И. Бэлза обращает внимание на тот факт, что именно в этой местности расположена Верона, властителем которой был покровитель и друг поэта Кан Гранде («Великий Пёс»), но он не годился на роль избавителя из-за своих «ограниченных военных и политических возможностей». Если бы кругозор самого И. Бэлзы не был ограничен XIII–XIV веками, он мог бы вспомнить и о том, что именно в Вероне состоялся в ноябре 1943 года учредительный съезд новообразованной Фашистской республиканской партии и был принят ее программный документ, т. н. «Веронский манифест».

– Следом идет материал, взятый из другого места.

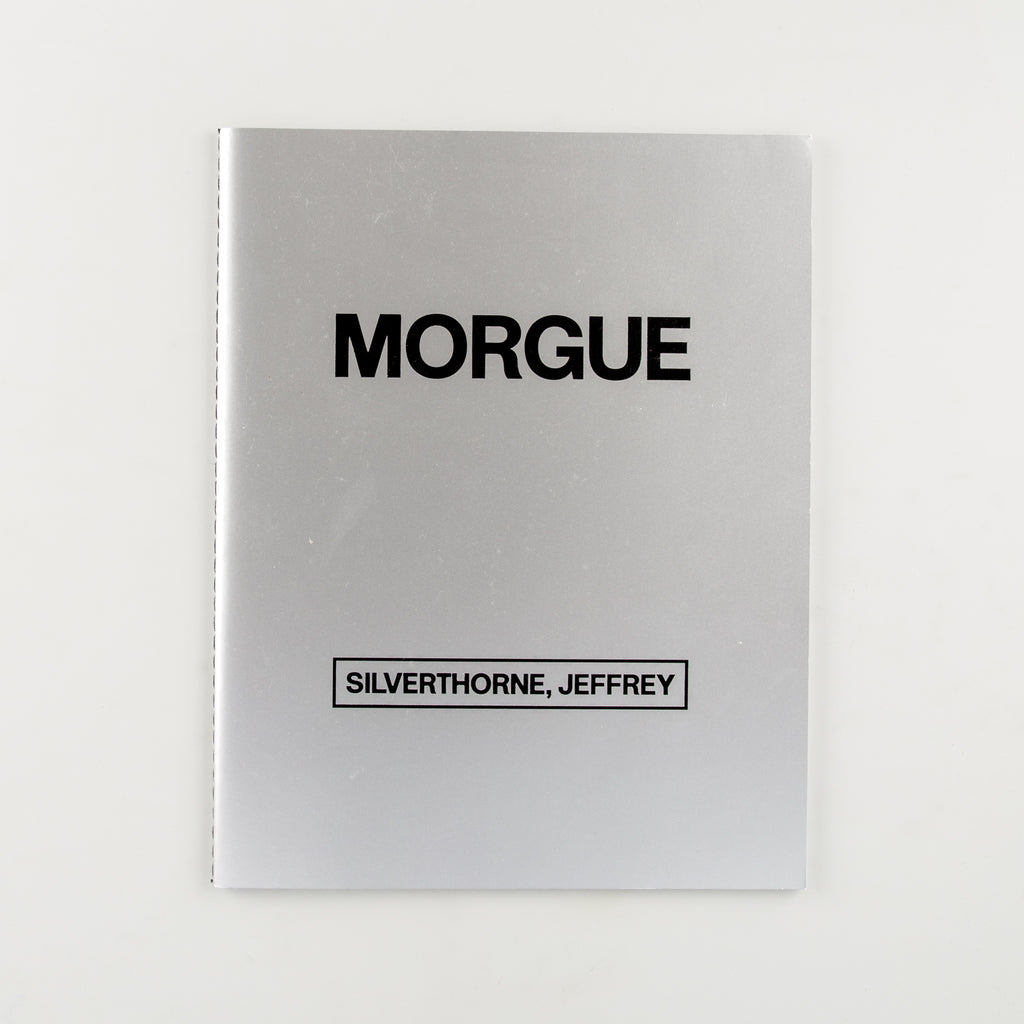 Morgue by Jeffrey Silverthorne - 9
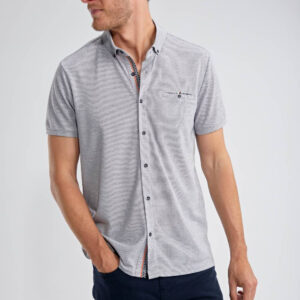 Chemise M/C LOWDRAG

Основные даты жизни Муссолини тоже колеблются «между Фельтро и Фельтро», – родился он в Романье, а за неделю до июльского переворота 1943 года в последний раз встречался с Гитлером в качестве главы итальянского правительства в Фельтре в районе Тревизо.

Кан Гранде, покровителя Данте, восхваляет в «Комедии» и Каччагвида, однако, затем он предупреждает Данте:

 
«но ты молчи… – и тут он мне открыл
Невероятное для очевидца».
 
(«Рай», XVII, 92–93)

Р. И. Хлодовский в статье «Гуманизм Данте» в тех же «Дантовских чтениях» 1979 года пишет: «Основываясь на этом, некоторые историки итальянской литературы считали, что Данте связывал с правительством Вероны те же надежды, которые он до этого возлагал на Генриха VII; что Пёс, о котором говорит Вергилий в начале «Комедии», это и есть Великий Пёс – Кан Гранде». Вряд ли это так». Это действительно не так, почему, объяснил И. Бэлза, но нельзя отнести это пророчество и к тем решительным людям, которые в 1943 году созвали съезд в Вероне и провозгласили «Веронский Манифест». Они действительно изгнали Волчицу, но ненадолго, а у Данте говорилось о Спасителе во всемирно-историческом значении, в каком этим титулом награждают Христа.

Этот Спаситель должен родиться между двумя Фельтре. Все гадают, что это за Фельтре. Но один сейчас уже есть. Журналист Витторио Фельтри, известный в Италии своими остроумными выпадами политический грубиян, недавно изумил всех. Его пригласили на телевидение, на канал «Ста-сера Италиа», и телеведущая Барбара Паломбелли спросила его, кого бы он хотел видеть в новом правительстве. «Гитлера» – коротко ответил Фельтри. В студии воцарилось ледяное молчание. «Это шутка?» – переспросила ведущая. «А кого предложили бы вы?» – встречно спросил Фельтри. А потом добавил: «Если бы я назвал имя Сталина, никто ничего бы не сказал».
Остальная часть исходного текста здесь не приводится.